Activity: Among the entries that follow, locate the line with "If you double-click" and the line with "So double check". Output those lines and all lines in between, exactly, minus the pictures.
++++++++++
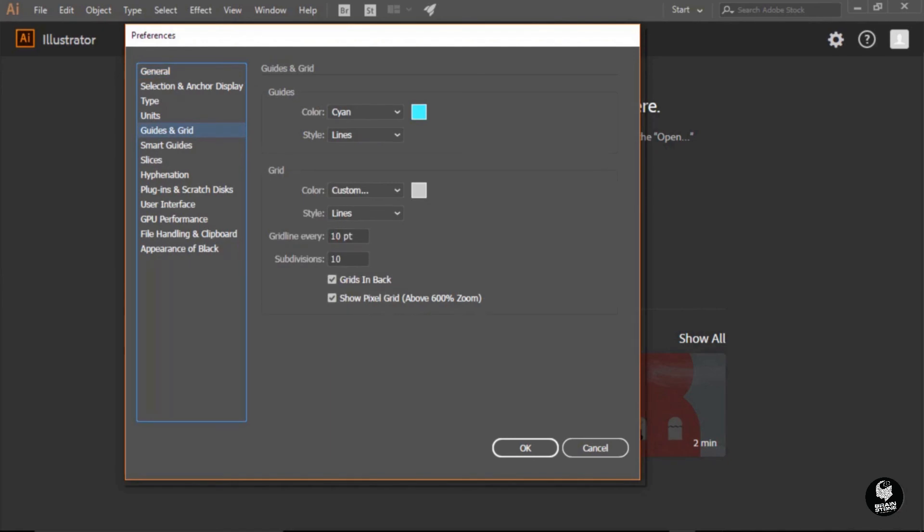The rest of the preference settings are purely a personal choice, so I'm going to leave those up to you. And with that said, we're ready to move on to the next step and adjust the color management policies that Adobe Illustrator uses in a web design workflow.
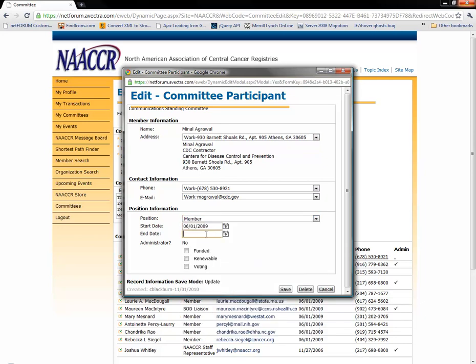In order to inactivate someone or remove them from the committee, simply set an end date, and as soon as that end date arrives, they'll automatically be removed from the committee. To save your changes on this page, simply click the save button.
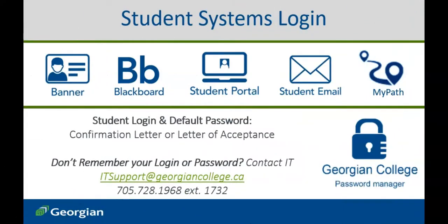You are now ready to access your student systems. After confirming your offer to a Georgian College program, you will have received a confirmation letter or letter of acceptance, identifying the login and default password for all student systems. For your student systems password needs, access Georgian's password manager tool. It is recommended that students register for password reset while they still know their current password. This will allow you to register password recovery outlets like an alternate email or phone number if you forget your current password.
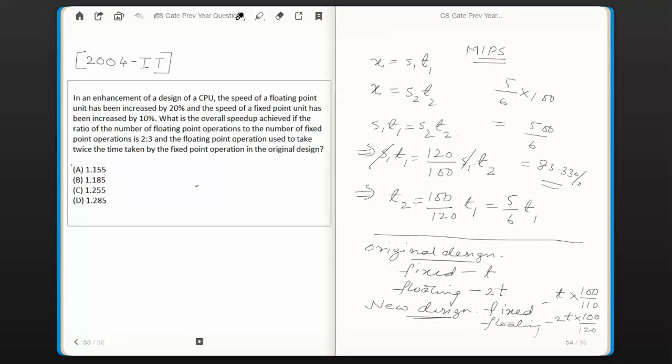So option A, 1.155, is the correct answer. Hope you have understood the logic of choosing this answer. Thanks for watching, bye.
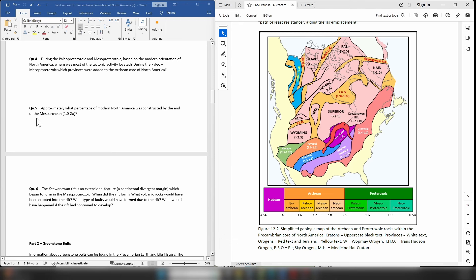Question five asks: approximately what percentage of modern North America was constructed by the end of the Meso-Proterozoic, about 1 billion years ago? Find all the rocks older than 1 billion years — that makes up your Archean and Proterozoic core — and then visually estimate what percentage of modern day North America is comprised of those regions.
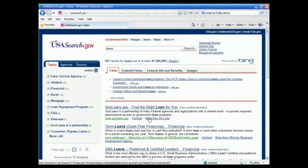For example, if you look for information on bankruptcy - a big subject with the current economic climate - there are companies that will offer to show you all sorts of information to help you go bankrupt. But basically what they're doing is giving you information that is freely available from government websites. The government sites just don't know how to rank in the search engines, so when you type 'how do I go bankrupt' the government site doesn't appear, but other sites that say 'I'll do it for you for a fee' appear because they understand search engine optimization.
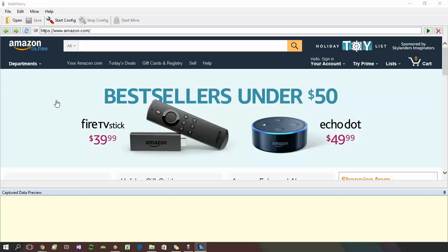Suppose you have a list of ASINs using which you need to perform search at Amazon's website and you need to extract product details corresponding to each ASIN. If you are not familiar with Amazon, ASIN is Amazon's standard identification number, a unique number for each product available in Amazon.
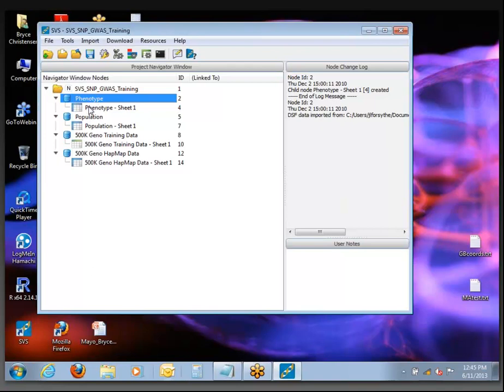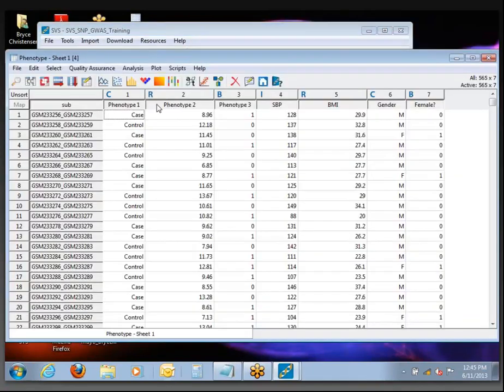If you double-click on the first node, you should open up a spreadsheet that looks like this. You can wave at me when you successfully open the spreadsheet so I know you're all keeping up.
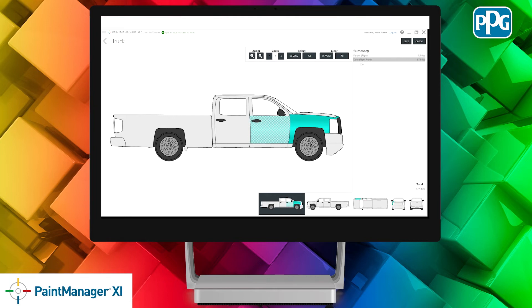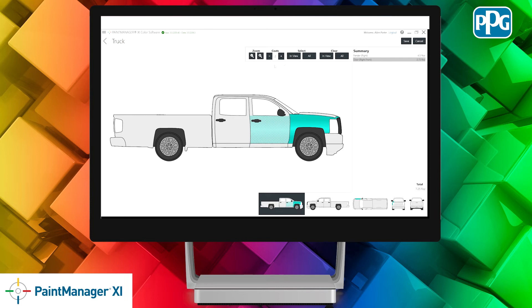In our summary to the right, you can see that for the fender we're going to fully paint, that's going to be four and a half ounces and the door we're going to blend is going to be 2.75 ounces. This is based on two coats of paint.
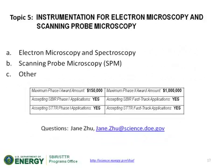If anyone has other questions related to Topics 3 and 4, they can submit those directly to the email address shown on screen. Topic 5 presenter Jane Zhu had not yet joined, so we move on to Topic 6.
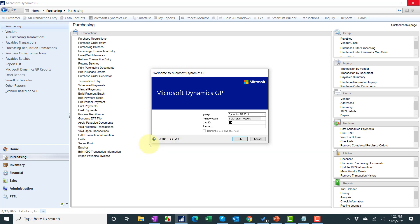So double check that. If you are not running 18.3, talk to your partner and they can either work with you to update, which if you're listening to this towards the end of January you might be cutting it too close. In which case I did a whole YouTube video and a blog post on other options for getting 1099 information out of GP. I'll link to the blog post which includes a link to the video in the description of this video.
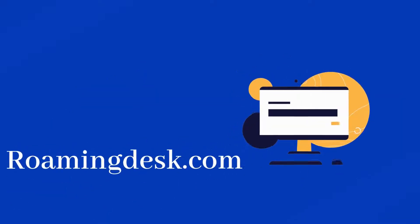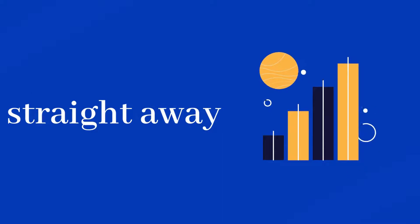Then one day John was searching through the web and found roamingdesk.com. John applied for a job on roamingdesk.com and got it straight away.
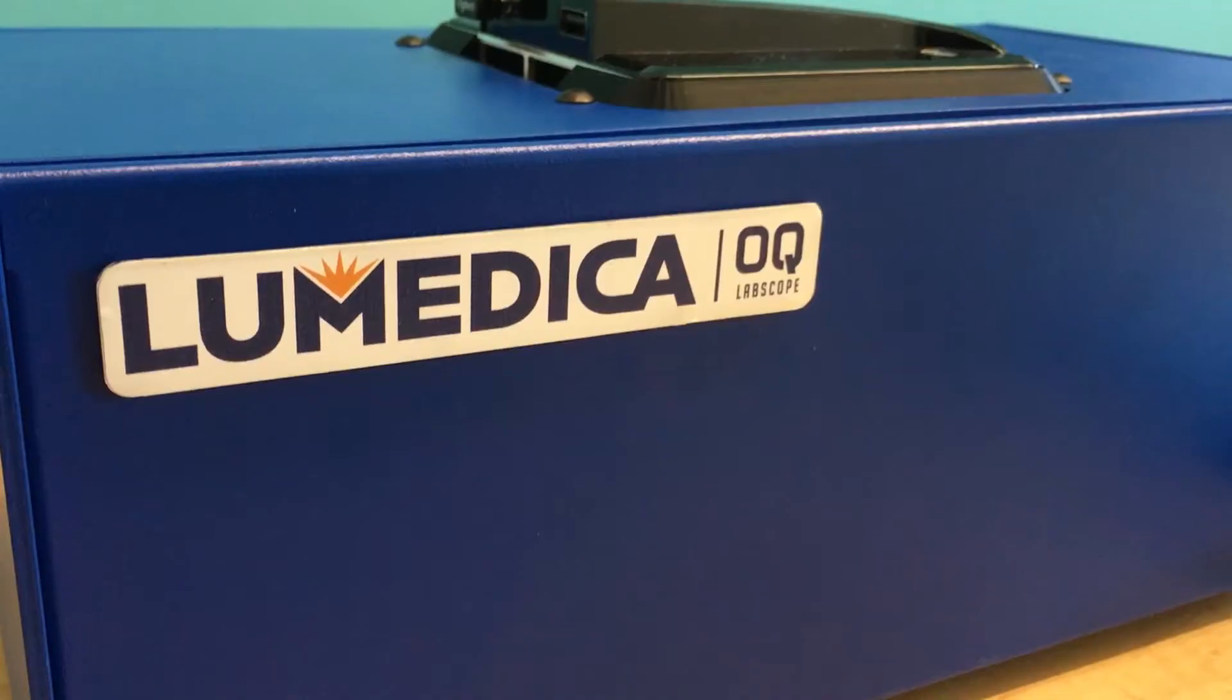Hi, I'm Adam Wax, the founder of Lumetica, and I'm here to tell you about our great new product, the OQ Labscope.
++++++++++
Answer to this task:
If you double-click on the first node, you should open up a spreadsheet that looks like this. You can wave at me when you successfully open the spreadsheet so I know you're all keeping up.
In our summary to the right, you can see that for the fender we're going to fully paint, that's going to be four and a half ounces and the door we're going to blend is going to be 2.75 ounces. This is based on two coats of paint.
If anyone has other questions related to Topics 3 and 4, they can submit those directly to the email address shown on screen. Topic 5 presenter Jane Zhu had not yet joined, so we move on to Topic 6.
So double check that. If you are not running 18.3, talk to your partner and they can either work with you to update, which if you're listening to this towards the end of January you might be cutting it too close. In which case I did a whole YouTube video and a blog post on other options for getting 1099 information out of GP. I'll link to the blog post which includes a link to the video in the description of this video.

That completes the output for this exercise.